Eggs have a bad reputation because of their high cholesterol content: 185 milligrams in the yolk of a large egg. But, in fact, dietary cholesterol has relatively little effect on blood cholesterol in most people (saturated and trans fats are the bigger culprits)—and more recent research, including two new studies, has largely exonerated eggs and even suggested that they may provide some heart benefits.
Eggs and your heart
You may be surprised to know that dietary cholesterol, found in animal foods, raises blood cholesterol in only about one-third of people. And, as shown in some egg studies, dietary cholesterol causes the body to produce HDL (“good”) cholesterol along with LDL (“bad”) cholesterol in these “hyper-responders,” thus helping offset potential adverse effects. Moreover, the LDL particles that form are larger in size—and larger LDL particles are thought to be less dangerous than small ones.
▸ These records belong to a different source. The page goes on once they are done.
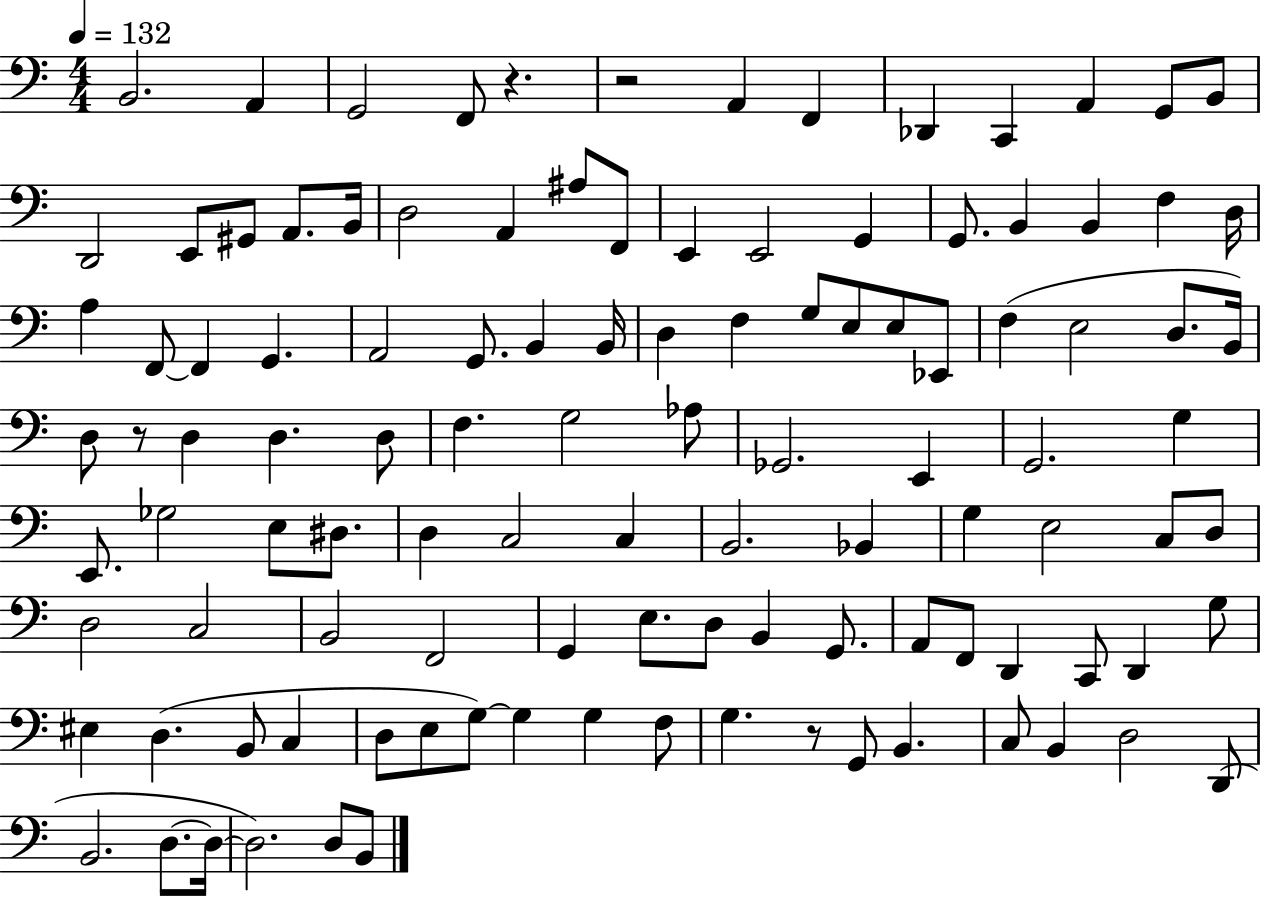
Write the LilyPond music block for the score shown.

{
  \clef bass
  \numericTimeSignature
  \time 4/4
  \key c \major
  \tempo 4 = 132
  b,2. a,4 | g,2 f,8 r4. | r2 a,4 f,4 | des,4 c,4 a,4 g,8 b,8 | \break d,2 e,8 gis,8 a,8. b,16 | d2 a,4 ais8 f,8 | e,4 e,2 g,4 | g,8. b,4 b,4 f4 d16 | \break a4 f,8~~ f,4 g,4. | a,2 g,8. b,4 b,16 | d4 f4 g8 e8 e8 ees,8 | f4( e2 d8. b,16) | \break d8 r8 d4 d4. d8 | f4. g2 aes8 | ges,2. e,4 | g,2. g4 | \break e,8. ges2 e8 dis8. | d4 c2 c4 | b,2. bes,4 | g4 e2 c8 d8 | \break d2 c2 | b,2 f,2 | g,4 e8. d8 b,4 g,8. | a,8 f,8 d,4 c,8 d,4 g8 | \break eis4 d4.( b,8 c4 | d8 e8 g8~~) g4 g4 f8 | g4. r8 g,8 b,4. | c8 b,4 d2 d,8( | \break b,2. d8.~~ d16~~ | d2.) d8 b,8 | \bar "|."
}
Several years ago, research from the University of Connecticut found that eating three eggs a day for 30 days increased cholesterol in susceptible people, but their LDL particles were larger, and there was no change in the ratio between LDL and HDL, which suggests no major change in coronary risk. In a more recent study from the same university, published in Metabolism in late 2012, 40 middle-aged people with heart and diabetes risk factors ate either three eggs or cholesterol-free egg substitute daily, while also moderately restricting carbohydrates. After 12 weeks, total and LDL (“bad”) blood cholesterol did not change in either group. Moreover, though both groups showed a range of cholesterol improvements due to the carb restriction, the egg eaters had a greater boost in HDL (“good”) cholesterol as well as increases in sizes of both HDL and LDL particles, which was attributed, at least in part, to types of fat in eggs called phospholipids.
More significantly, eggs do not appear to contribute to heart disease in most people. A pivotal study from Harvard in 1999, of nearly 120,000 men and women, found no association between eggs—up to one a day—and heart disease, except in people with diabetes. Nor did it find a link between eggs and strokes. Studies since then have similarly vindicated eggs, including a Japanese study of more than 90,000 middle-aged people published in the British Journal of Nutrition in 2006, and a study in 2007 from the University of Medicine and Dentistry of New Jersey, which both found no link between frequent egg consumption and heart disease. Most recently, an analysis of eight observational studies found no relationship between eggs (up to one a day) and heart disease or stroke. Published this year in BMJ, it included nearly half a million people who were followed from 8 to 22 years, on average.
In light of these findings, recommendations about eggs have changed over the years, and cholesterol guidelines, in general, are being rethought.
The unsaturated fats and other nutrients, including B vitamins, in eggs may even be beneficial to heart health. It’s the foods that typically accompany eggs (bacon, sausage, cheese and biscuits) and how eggs are often prepared (fried in lots of butter) that can raise blood cholesterol and the risk of heart disease. A large egg has only 1.5 grams of saturated fat and about 70 calories. A Bacon, Egg & Cheese Biscuit from McDonald’s, on the other hand, has 12 grams of saturated fat (59 percent of the daily value for someone eating a 2000-calorie-a-day diet) and 420 calories, along with 1,130 milligrams of sodium.